Task to carry out. Copy out nothing but the line containing "Ο Σιπιόνι αντιδρά" and the lines that follow it to the end of the entries, exactly as they stand.

____________

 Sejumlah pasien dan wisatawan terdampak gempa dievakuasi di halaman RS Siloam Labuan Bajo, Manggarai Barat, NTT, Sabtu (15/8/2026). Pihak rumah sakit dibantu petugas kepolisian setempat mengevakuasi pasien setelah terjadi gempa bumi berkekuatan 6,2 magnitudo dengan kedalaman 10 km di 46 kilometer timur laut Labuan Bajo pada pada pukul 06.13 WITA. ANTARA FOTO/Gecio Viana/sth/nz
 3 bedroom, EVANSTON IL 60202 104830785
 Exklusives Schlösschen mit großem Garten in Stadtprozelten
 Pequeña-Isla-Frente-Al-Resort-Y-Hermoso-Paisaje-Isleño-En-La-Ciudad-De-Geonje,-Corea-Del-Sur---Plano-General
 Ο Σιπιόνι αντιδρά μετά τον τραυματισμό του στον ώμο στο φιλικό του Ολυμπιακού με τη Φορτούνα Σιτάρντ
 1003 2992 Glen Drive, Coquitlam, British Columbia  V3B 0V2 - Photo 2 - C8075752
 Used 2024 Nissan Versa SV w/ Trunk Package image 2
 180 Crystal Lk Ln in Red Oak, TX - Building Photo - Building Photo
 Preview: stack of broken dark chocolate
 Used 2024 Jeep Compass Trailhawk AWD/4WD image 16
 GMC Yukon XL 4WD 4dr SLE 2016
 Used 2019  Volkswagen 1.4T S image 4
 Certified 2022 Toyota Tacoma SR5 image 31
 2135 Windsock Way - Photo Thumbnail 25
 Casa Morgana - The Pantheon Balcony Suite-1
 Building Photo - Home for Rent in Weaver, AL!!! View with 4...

____________

Worked solution.
 Ο Σιπιόνι αντιδρά μετά τον τραυματισμό του στον ώμο στο φιλικό του Ολυμπιακού με τη Φορτούνα Σιτάρντ
 1003 2992 Glen Drive, Coquitlam, British Columbia  V3B 0V2 - Photo 2 - C8075752
 Used 2024 Nissan Versa SV w/ Trunk Package image 2
 180 Crystal Lk Ln in Red Oak, TX - Building Photo - Building Photo
 Preview: stack of broken dark chocolate
 Used 2024 Jeep Compass Trailhawk AWD/4WD image 16
 GMC Yukon XL 4WD 4dr SLE 2016
 Used 2019  Volkswagen 1.4T S image 4
 Certified 2022 Toyota Tacoma SR5 image 31
 2135 Windsock Way - Photo Thumbnail 25
 Casa Morgana - The Pantheon Balcony Suite-1
 Building Photo - Home for Rent in Weaver, AL!!! View with 4...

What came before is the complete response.